All types of taxes do not follow the same principles and bases of taxation which was evident in the preceding section. Certain taxes are uniform across the tax type whereas certain taxes are different for different income groups. The rationale on which each tax is imposed paves the way for its principle. Detailed below are the different types of tax principles which are used in setting the parameters for each tax policy.

Progressive Taxes

This type of tax charges higher tax proportions from higher income earners. This is basically used for personal income tax. The purpose of this taxation method is Income Re-distribution.
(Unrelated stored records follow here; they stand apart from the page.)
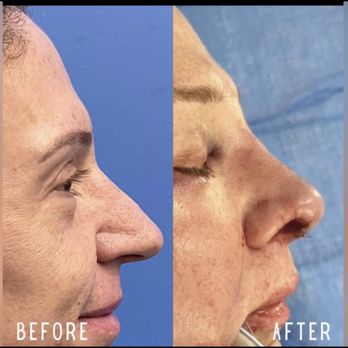 Ariel Ourian, MD - Plastic Surgeons Near Me - Beverly Hills, California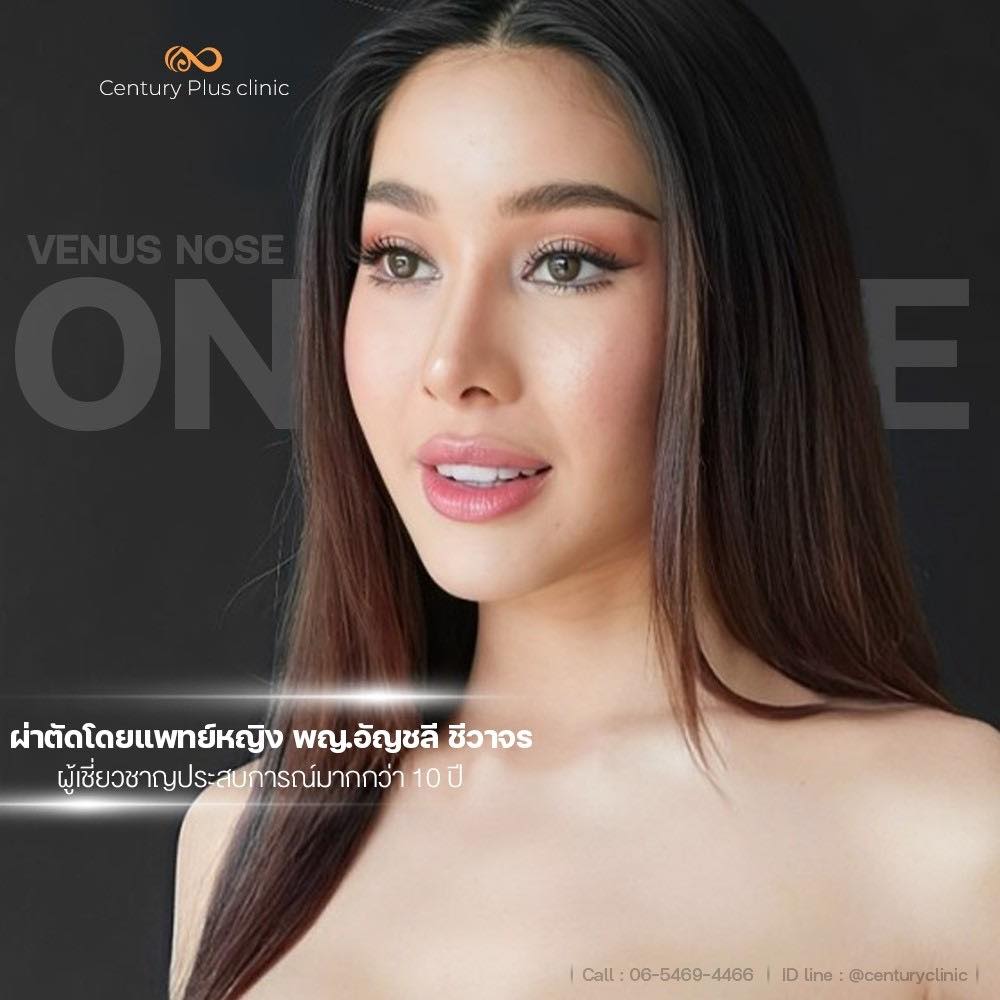 เสริมจมูก #1363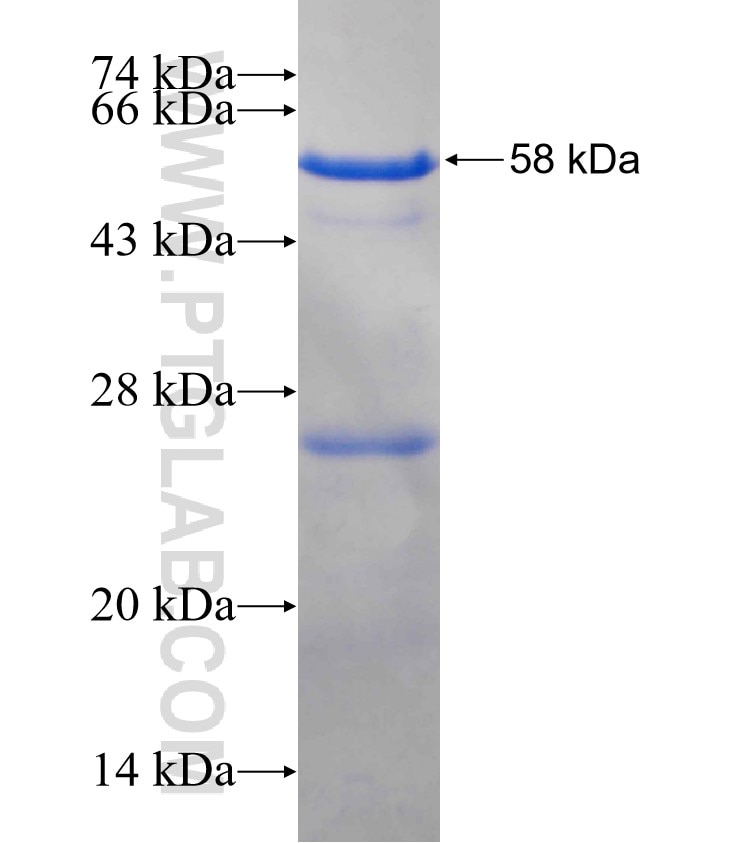 MYRIP fusion protein Ag25558 SDS-PAGE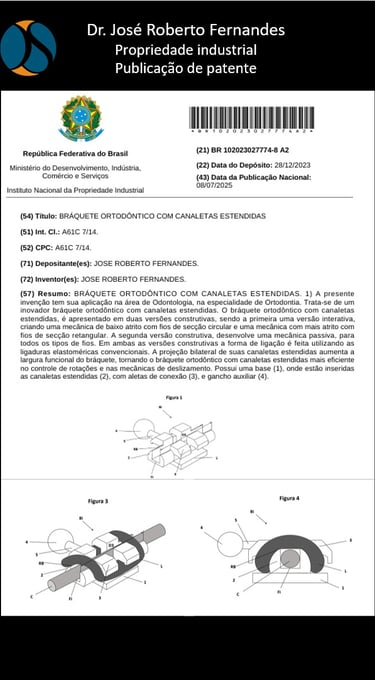 O aparelho ortodôntico mais eficiente é o Arquimedes System do Dr. José Roberto Fernandes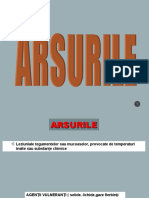 Arsurile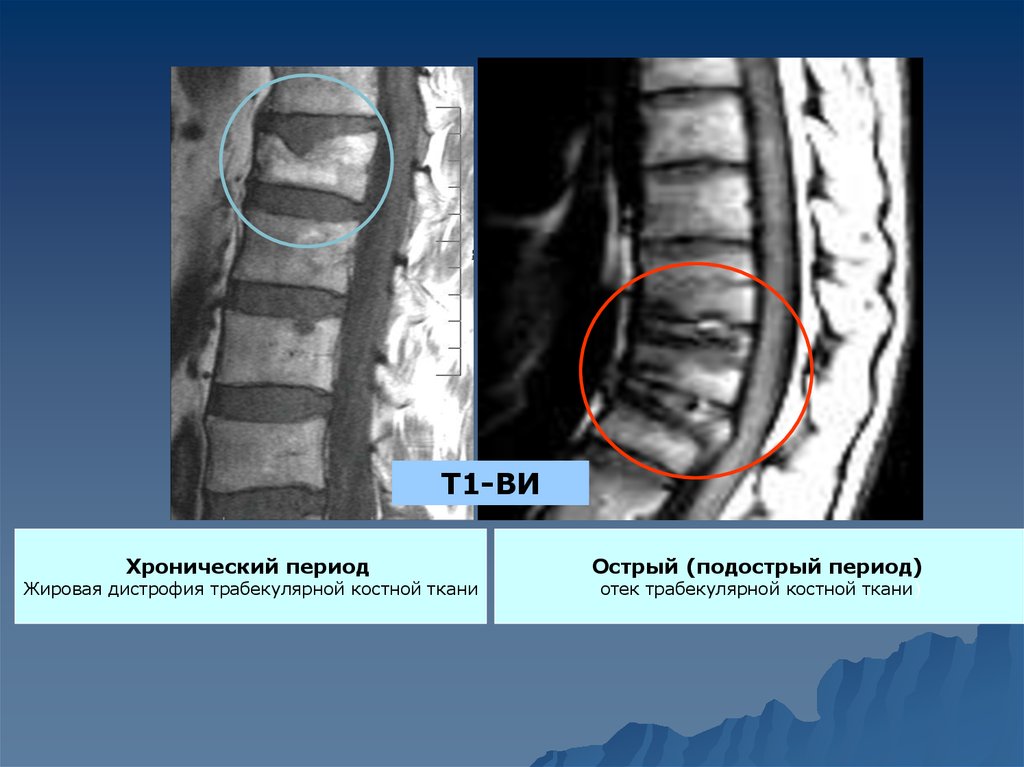 Отек костного мозга позвоночника поясничного отдела что. Трабекулярный отек костного мозга. Трабекулярный отёк позвонков. Трабекулярный перелом.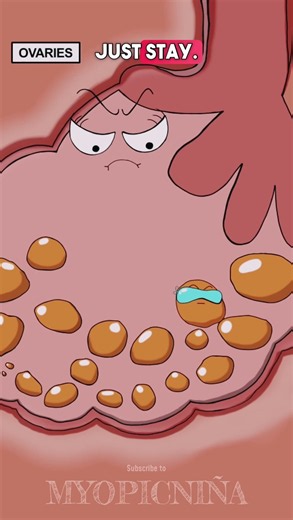 Why Exactly You Miss Your Period?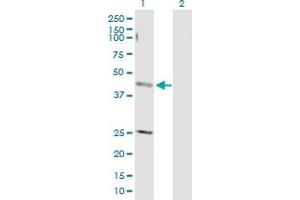 Western Blotting (WB) image for anti-Adaptor-Related Protein Complex 4, mu 1 Subunit (Ap4m1) (AA 1-453) antibody (ABIN522636)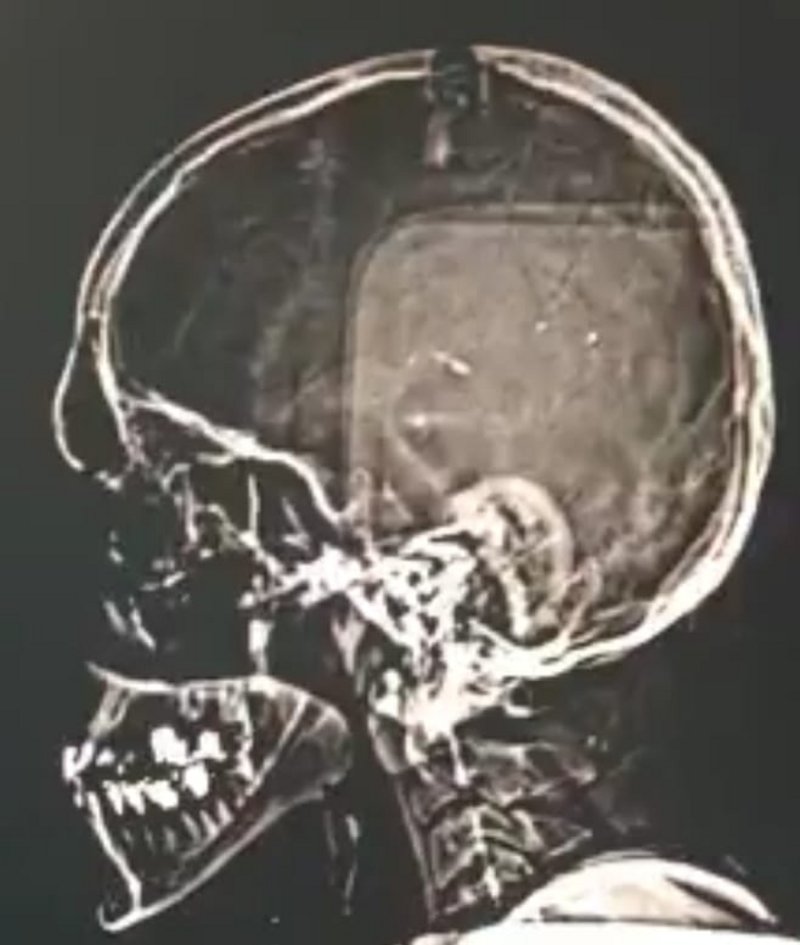 جراحة عاجلة بالرأس تنقذ عشرينيًا من شلل طرفي بمستشفى محايل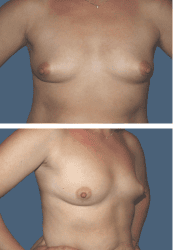 Before breast, 450cc, B to C cup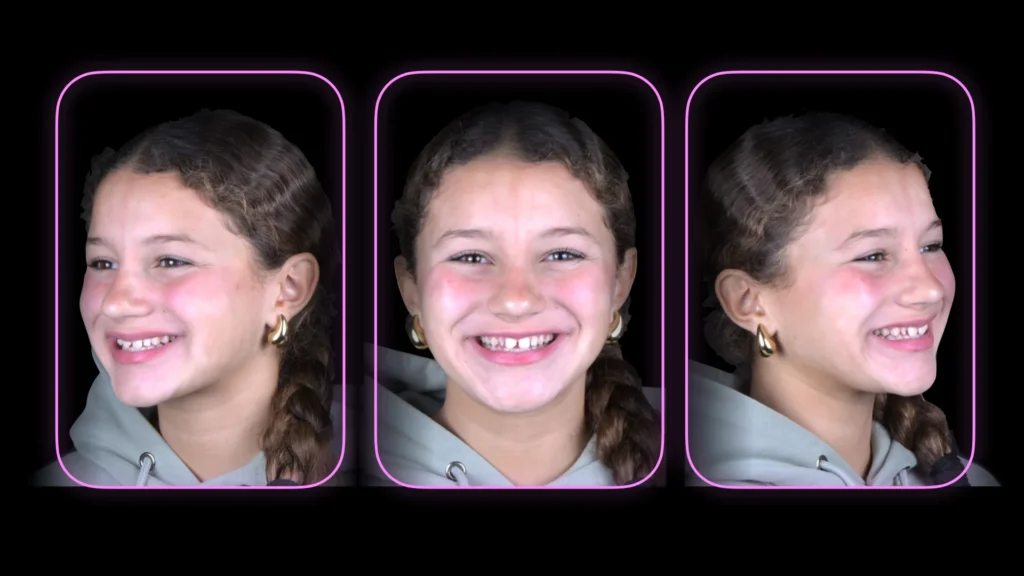 Conservativa - step 1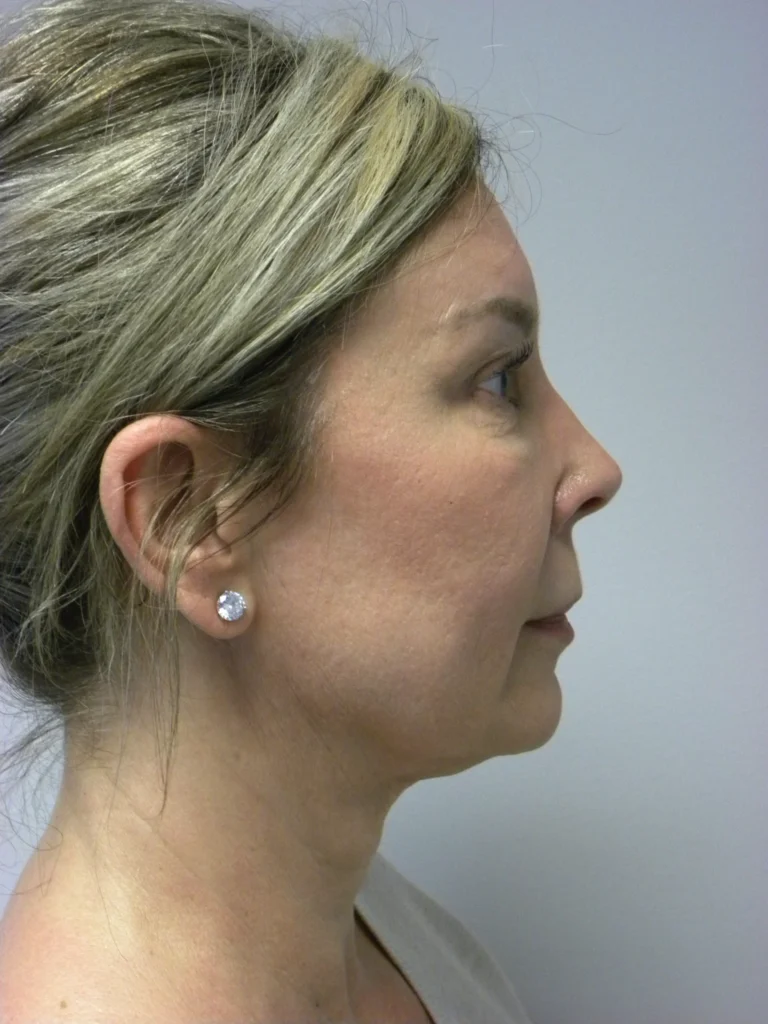 Plastic Surgery Before and After Pictures in Miami, FL - Dr. Adam J. Rubinstein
Income earned by high-earners are collected by the Government and redistributed among the lesser earners through Welfare and Benefit schemes such as Obama Care Scholarship Programs. In third world countries, this type of taxation is used to provide concessions for Agricultural farmers.

Regressive Taxes

In this Taxation type, the tax rate is flat across each income groups. However, as taxation base is a percentage, lower income earners end up paying a higher proportion of taxes from their disposable income than the higher income earners. This creates a regressive pattern where the proportion of taxes paid out of the disposal income reduces as the income level of the individual increases. This is essentially an unfair taxation principle.

Proportional Taxes

In this taxation principle, each and every income group pays the same proportion of disposable income as taxation. This is the fairest and equitable principle as it is relevant, suitable and just across all income groups.

Conclusion

Even though taxation is seeing as unfair and unjust, it is the main source of income for the Government to run its country or to at least maintain their Imports. If the principle of taxation is fair, then the entire process would not be partial to a certain group of people. Moreover, it is ironic how people incur additional charges on tax accountants to calculate their taxes. Once the bases and the proportions for each base is understood, it can be self-calculated.